* **TASK STATEMENT**
Could you return each line from the one bearing "Donald Trump | WE" through the last line of the entries, exactly as it stands, with no pictures?

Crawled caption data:
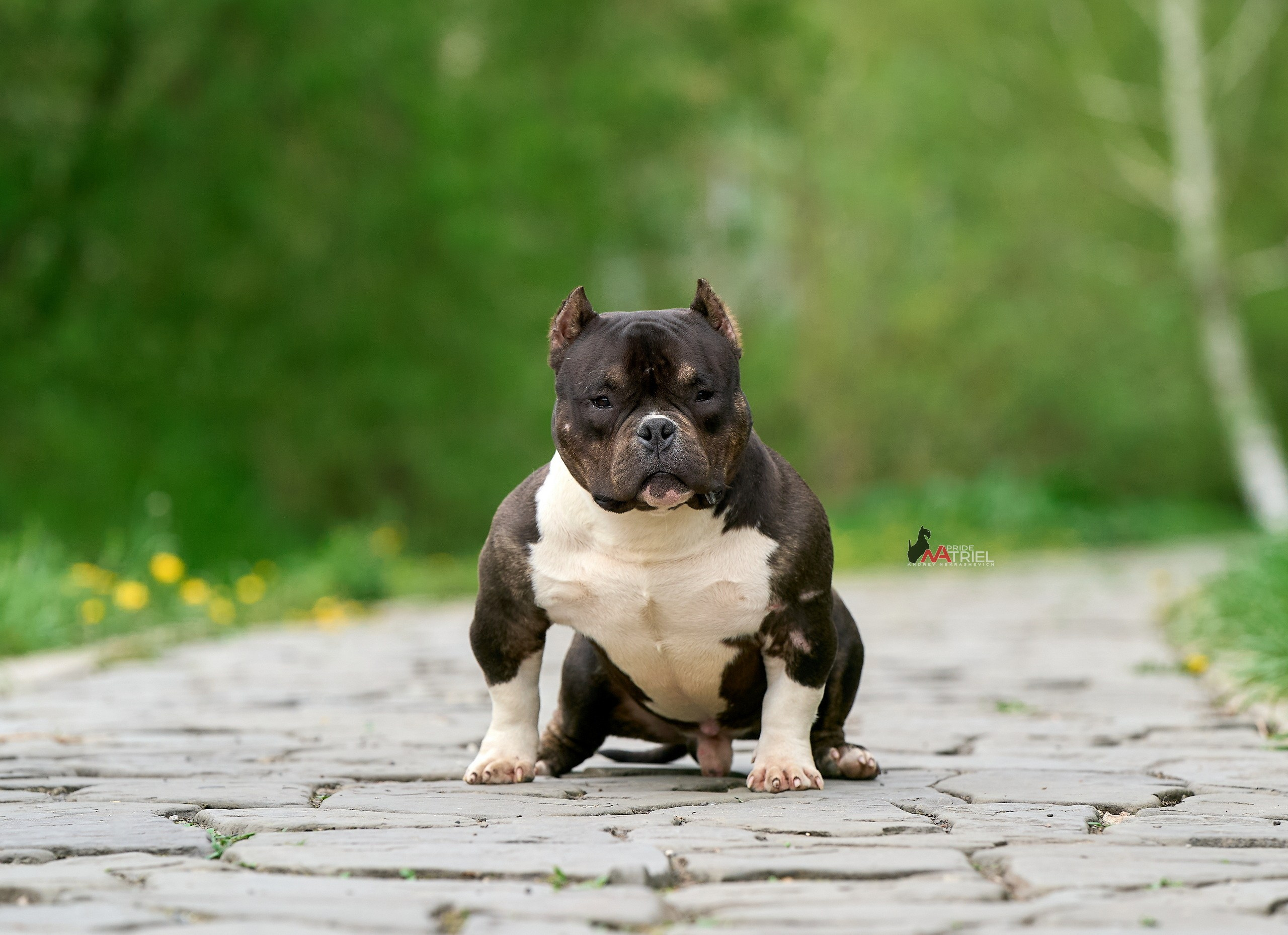 Портреты собак — галерея NATRIEL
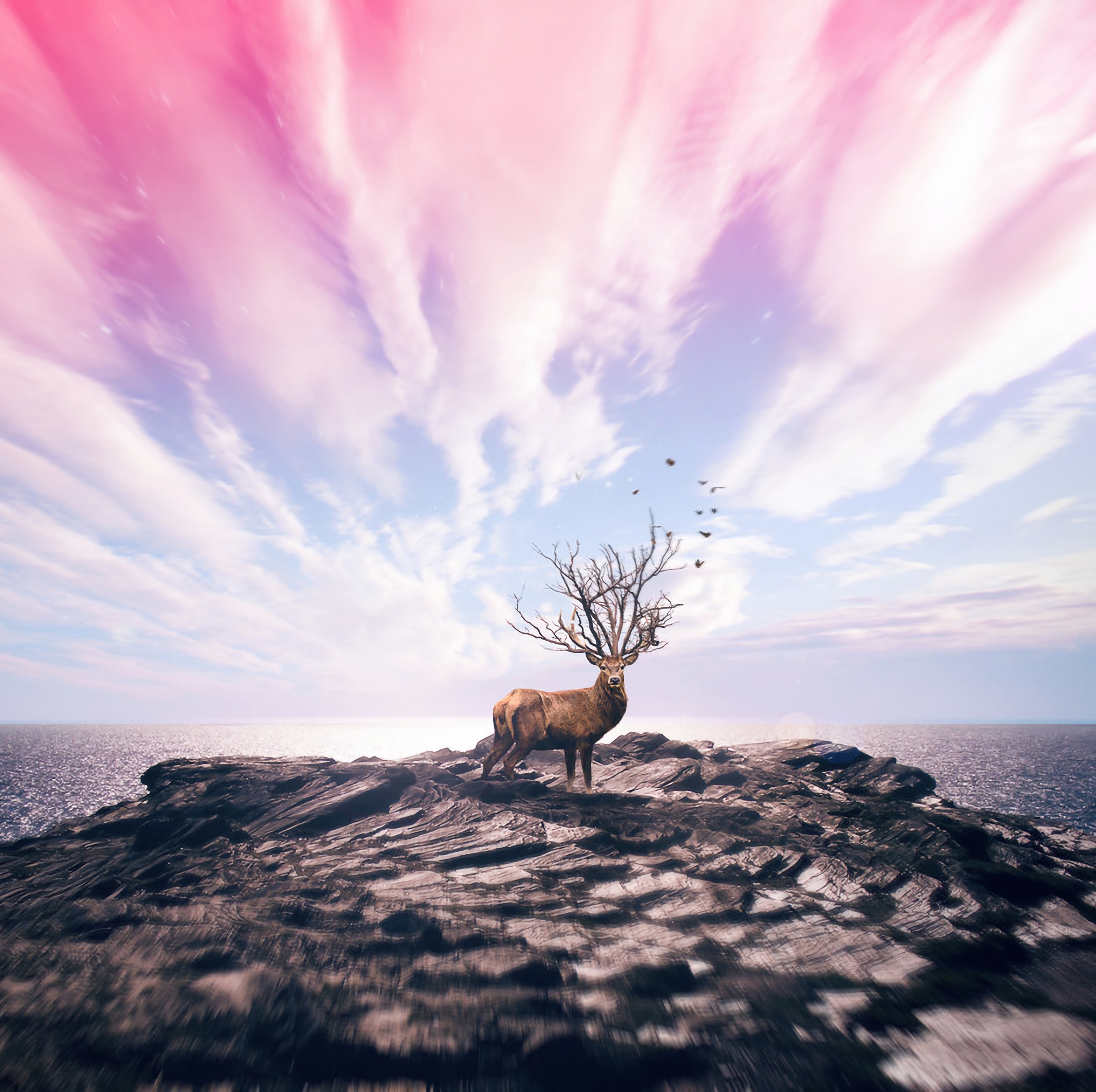 Desktop HD wallpaper: Sky, Art, Sea, Shore, Bank, Photoshop, Deer free down...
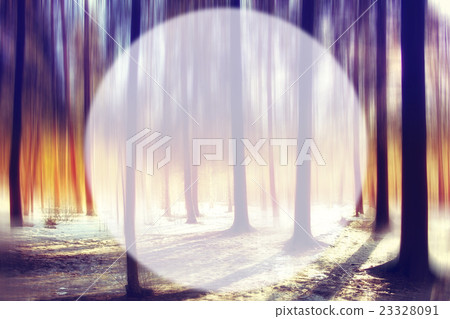 Spring forest background blur circle for text Spring forest background blur circle for text 23328091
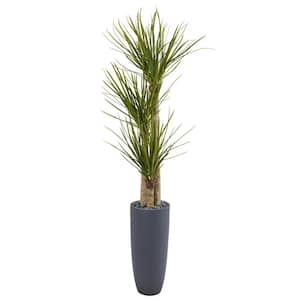 6 ft. Yucca Artificial Tree in Bullet Planter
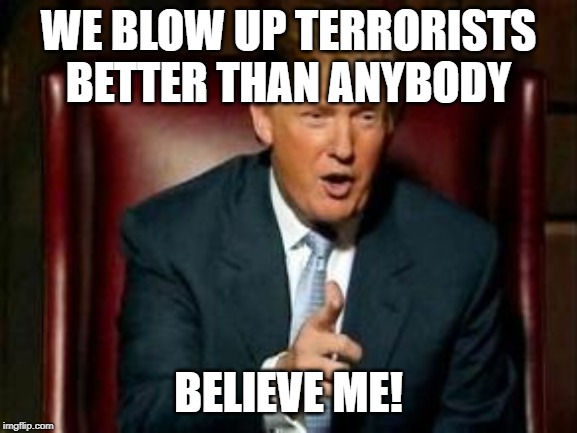 Donald Trump | WE BLOW UP TERRORISTS BETTER THAN ANYBODY BELIEVE ME! | image tagged in donald trump | made w/ Imgflip meme maker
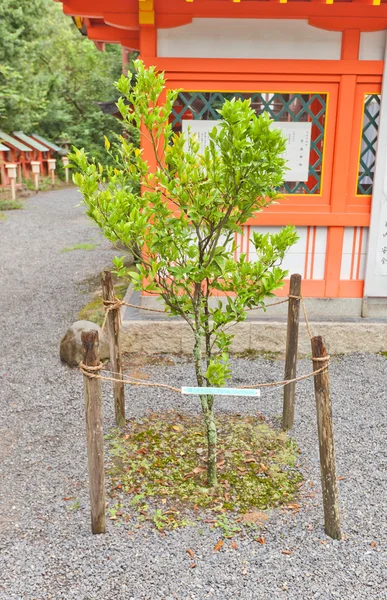 Цитрусовое дерево тачибана в Удзи Синто в Удзи в Удзи, Япония — стоковое фото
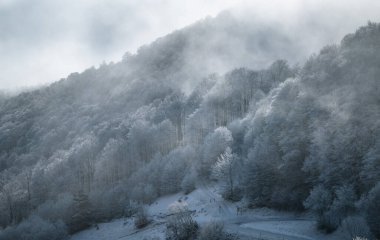 Buz gibi ormanları olan kış dağı manzarası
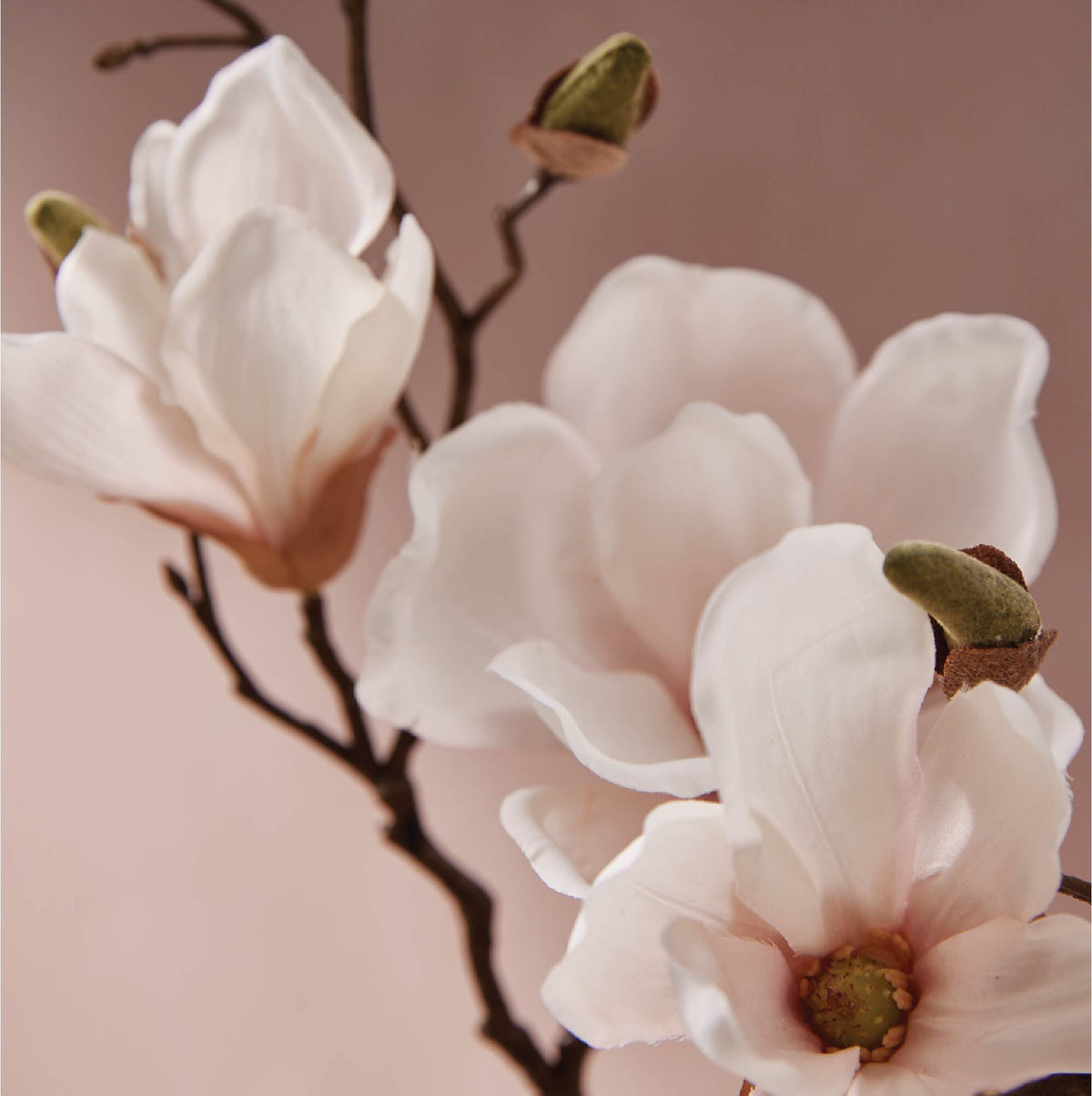 Magnolia Willow Dishwashing Liquid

* **RESULT FOR THIS TASK**
 Donald Trump | WE BLOW UP TERRORISTS BETTER THAN ANYBODY BELIEVE ME! | image tagged in donald trump | made w/ Imgflip meme maker
 Цитрусовое дерево тачибана в Удзи Синто в Удзи в Удзи, Япония — стоковое фото
 Buz gibi ormanları olan kış dağı manzarası
 Magnolia Willow Dishwashing Liquid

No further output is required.